MJ Ray wrote:
Would people consider these guidelines worth adopting for the ALUG lists? If so, we'll add them to the web site.
Do we really need "rules"?
No. That's why *I* wrote "guidelines" not "rules". Please do not change my words. The idea is to add this somewhere because it costs us little effort and avoids the long boring "please don't do that"/"but no-one said I couldn't"/"but you shouldn't"/"OK, now I know, but why don't you tell people?" arguments that periodically break out.
[...]
not agree, I think Unix and Unix/Linux like alternative OS should be included, also this rule would mean GNU/Hurd would be rated off topic,
I think AIX, Solaris et al can go buy their own mailing lists, but general GNU discussion would be allowed by that. And there's always social.
[...]
*should be* yes, but if you can't do anything about it i.e. boilerplate from your employers then there is not to much we can do about it, just hope to embrace and educate.
I disagree on this. Many of those huge meaningless pseudo-legalese footers really are horrendously long and the list has enough subscribers that it's a lot of rubbish if it goes to everyone. If we can "encourage" people to get their mail systems fixed, that's a good thing.

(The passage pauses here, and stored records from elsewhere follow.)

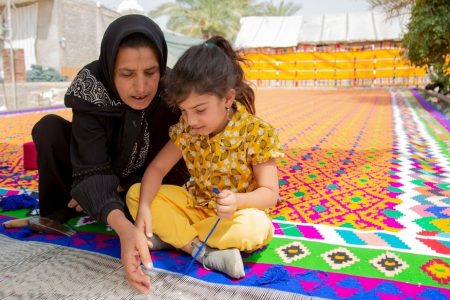 بزرگترین گلیم جهان به دست زنان هنرمند ایرانی بافته شد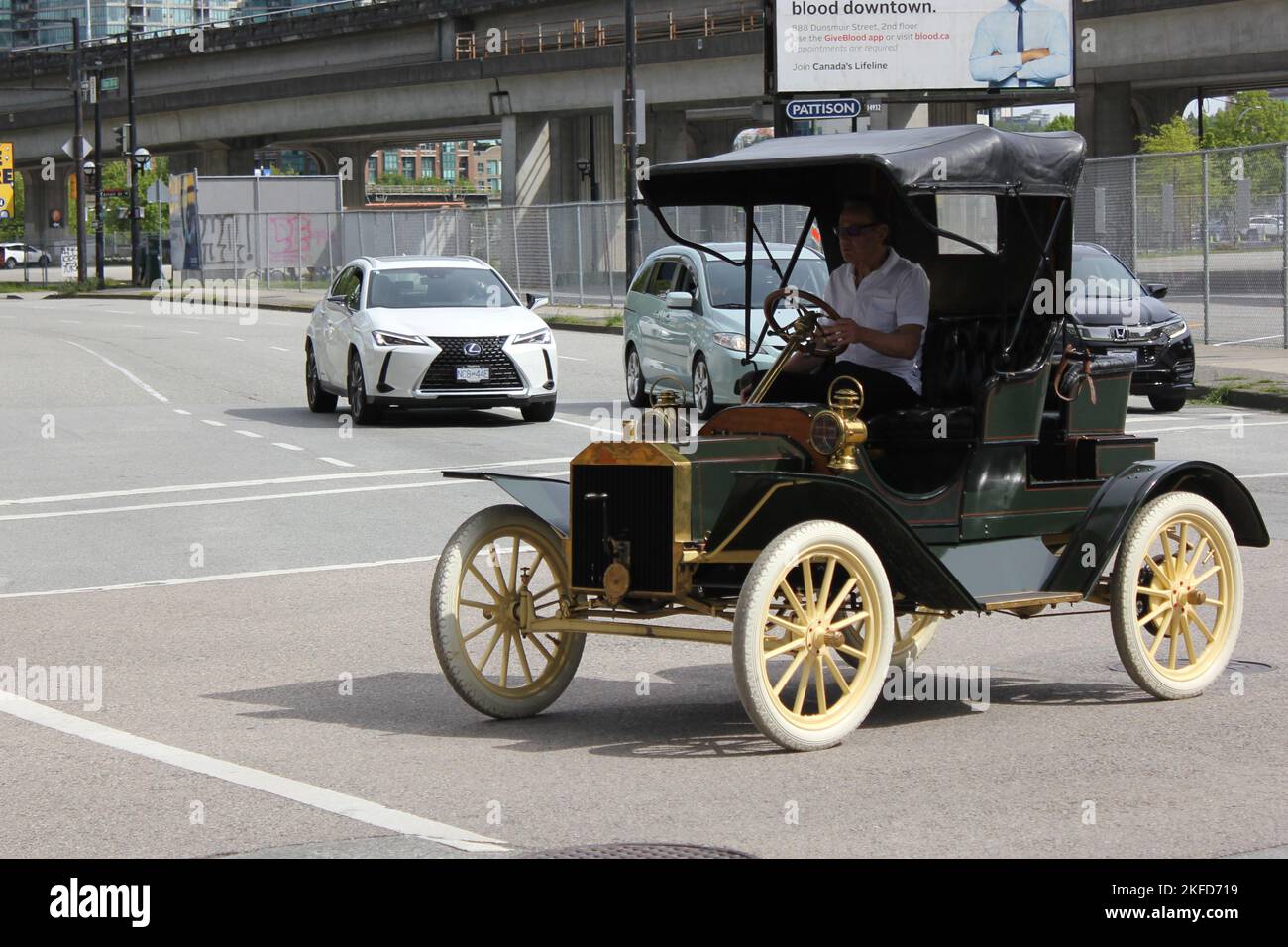 Full size bed. Car furniture. Kids car truck bed. Mancave. - Etsy België, image size:1300x956
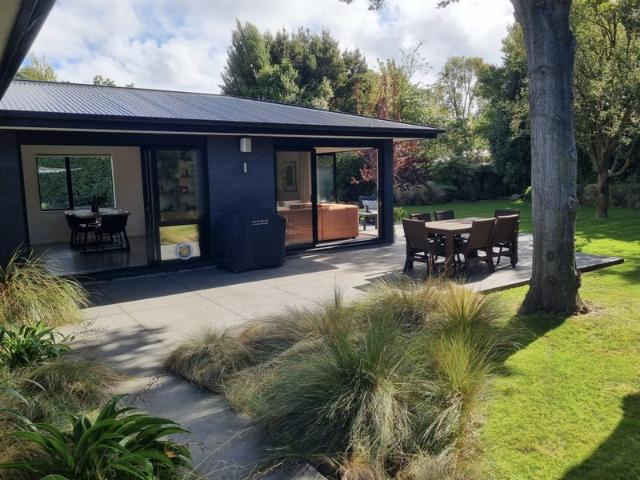 Apartment for rent in Chaslands, Canterbury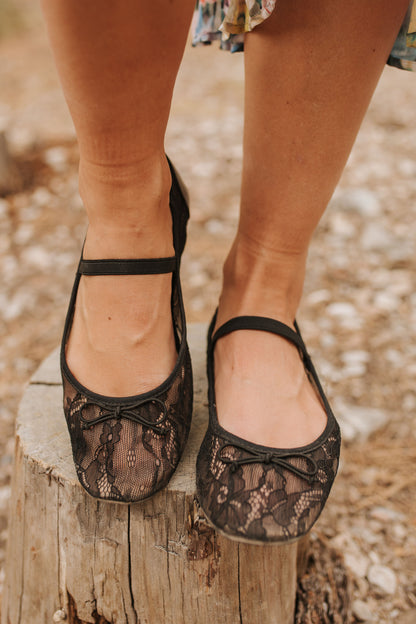 THE LOLLI LACE BALLET FLAT IN BLACK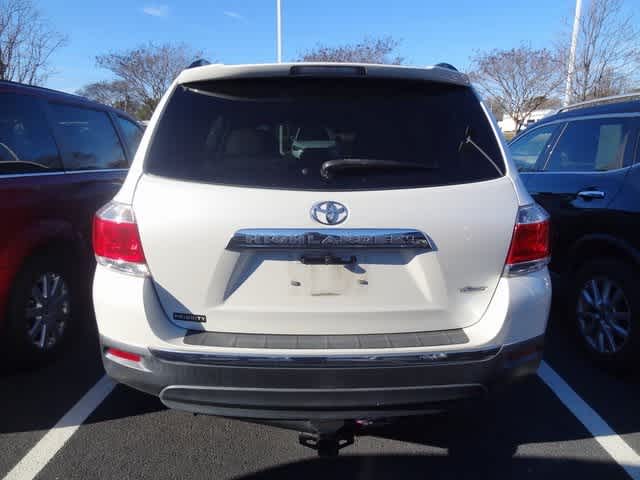 Thumbnail: 2013 Toyota Highlander - 4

I know a lot of these are "obvious" to you or me, but having them posted somewhere can't hurt, can it?
On Tuesday 22 Oct 2002 10:23 pm, MJ Ray wrote:
MJ Ray wrote:
Would people consider these guidelines worth adopting for the ALUG lists? If so, we'll add them to the web site.
Do we really need "rules"?
No. That's why *I* wrote "guidelines" not "rules". Please do not change my words. The idea is to add this somewhere because it costs us little effort and avoids the long boring "please don't do that"/"but no-one said I couldn't"/"but you shouldn't"/"OK, now I know, but why don't you tell people?" arguments that periodically break out.
To be fair the subject does say "draft rules" even if you did mention guidelines.
<snip>
I know a lot of these are "obvious" to you or me, but having them posted somewhere can't hurt, can it?
</snip>
These guidelines may be obvious to the more seasoned subscriber but I should imagine there are quite a few very newbie people out there. Netiquette has to be learned it is a social skill in what can be an alien environment to new users so I'm very willing to cut some slack and politely guide people in the right direction. I would hate to think that we lost even a single member because of a rebuff due to not adhering to the guidelines. So I'm in total agreement a polite set of guidelines on the website linked from the list sign up page would no bad thing.
Cheers, BJ
On Tue, Oct 22, 2002 at 10:23:58PM +0100, MJ Ray wrote:
No. That's why *I* wrote "guidelines" not "rules". Please do not change my words. The idea is to add this somewhere because it costs us little effort and avoids the long boring "please don't do that"/"but no-one said I couldn't"/"but you shouldn't"/"OK, now I know, but why don't you tell people?" arguments that periodically break out.
Sorry about that but the original post you quoted used the word "rules" once you have these (or guidelines) you will get lots of people becoming the police and this will make things far worse than better (imho). Anyhow I don't see many of these boring arguments on the Alug list at the moment so there is no need to worry about them.
[...]
not agree, I think Unix and Unix/Linux like alternative OS should be included, also this rule would mean GNU/Hurd would be rated off topic,
I think AIX, Solaris et al can go buy their own mailing lists, but general GNU discussion would be allowed by that. And there's always social.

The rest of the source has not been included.